Dwaj mężczyźni zostali skazani przez Sąd Okręgowy w Krośnie za śmiertelne potrącenie kobiety i nieudzielenie pomocy. Obaj usłyszeli wyroki dwóch lat pozbawienia wolności. Sąd uchylił zarzut zabójstwa.
- Oskarżeni 5 grudnia 2018 roku w Milczy na ulicy Kolejowej, działając w zamiarze ewentualnym, wspólnie i w porozumieniu pozbawili życia Zofię K. w ten sposób, że po potrąceniu pieszej w wepchnęli ją do betonowego przepustu, gdzie ją pozostawili, gdzie umarła. Zmniejszyli możliwość udzielenia jej pomocy przez osoby postronne. Nadto Dawida M za winnego tego, że umyślnie naruszył zasady w ruchu drogowym, nie zachował ostrożności, co skutkowało zjechaniem samochodu i uderzeniem Zofii K. znajdującej się na poboczu, co skutkowało jej ciężkim uszczerbkiem na zdrowiu, następnie zbiegł z miejsca z wypadku – odczytał sędzia.
- W ocenie sądu nie było śladów, że oskarżeni dopuścili się wepchnięcia pokrzywdzonej do przepustu.
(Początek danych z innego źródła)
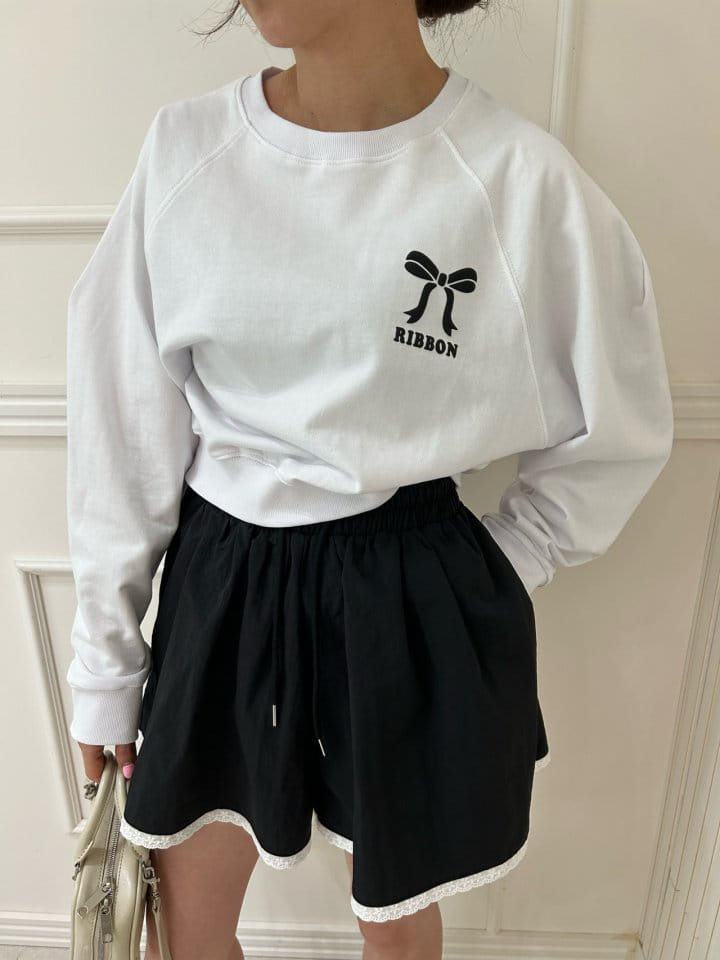 Pearls room - Korean Women Fashion - #momslook - Ribbon Sweatshirt - 6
Opinie biegłych wskazują, może niejednoznacznie, że to wepchnięcie nastąpiło. Po zapoznaniu z pełnym uzasadnieniem będziemy mogli podjąć decyzję, czy będziemy apelację składać - mówił po wyroku Paweł Wójcikiewicz, pełnomocnik oskarżyciela posiłkowego.
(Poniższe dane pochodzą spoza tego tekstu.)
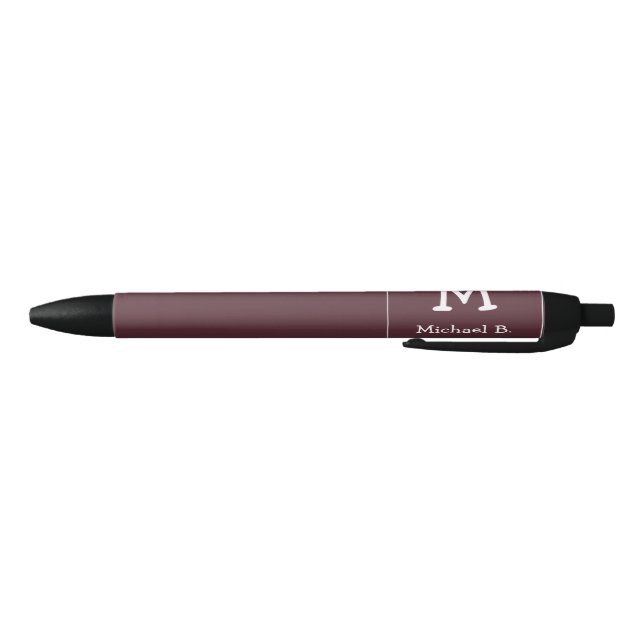 Stylo Noir Monogramme blanc et nom sur Dusty Burgundy (Bas)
- Jako obrona cieszymy się, że sąd nie przyjął art. 148 kodeksu karnego dlatego, że uważamy, że nie było dowodów na postawienie takiego zarzutu. Odnośnie dalszych czynów, za które mój klient został skazany, będziemy składać apelacje na poziomie medycznym. Sąd będzie musiał zbadać, czy na pewno można za to przypisać winę mojemu klientowi – stwierdził obrońca Hubert Saski.